§ Task
Provide an exact reproduction of every entry.

(Saved entries)
[Start of section]

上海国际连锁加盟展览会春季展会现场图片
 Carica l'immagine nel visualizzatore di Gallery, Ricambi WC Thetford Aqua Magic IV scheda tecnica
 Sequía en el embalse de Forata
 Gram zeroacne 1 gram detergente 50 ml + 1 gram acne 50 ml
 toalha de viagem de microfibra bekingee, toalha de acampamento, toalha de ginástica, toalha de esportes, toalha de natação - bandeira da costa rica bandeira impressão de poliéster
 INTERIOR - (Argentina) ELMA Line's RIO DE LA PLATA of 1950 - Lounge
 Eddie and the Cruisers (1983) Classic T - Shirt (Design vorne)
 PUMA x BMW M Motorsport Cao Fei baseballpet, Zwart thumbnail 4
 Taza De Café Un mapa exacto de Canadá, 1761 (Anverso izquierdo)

[End of section]

§ Exercise response
上海国际连锁加盟展览会春季展会现场图片
 Carica l'immagine nel visualizzatore di Gallery, Ricambi WC Thetford Aqua Magic IV scheda tecnica
 Sequía en el embalse de Forata
 Gram zeroacne 1 gram detergente 50 ml + 1 gram acne 50 ml
 toalha de viagem de microfibra bekingee, toalha de acampamento, toalha de ginástica, toalha de esportes, toalha de natação - bandeira da costa rica bandeira impressão de poliéster
 INTERIOR - (Argentina) ELMA Line's RIO DE LA PLATA of 1950 - Lounge
 Eddie and the Cruisers (1983) Classic T - Shirt (Design vorne)
 PUMA x BMW M Motorsport Cao Fei baseballpet, Zwart thumbnail 4
 Taza De Café Un mapa exacto de Canadá, 1761 (Anverso izquierdo)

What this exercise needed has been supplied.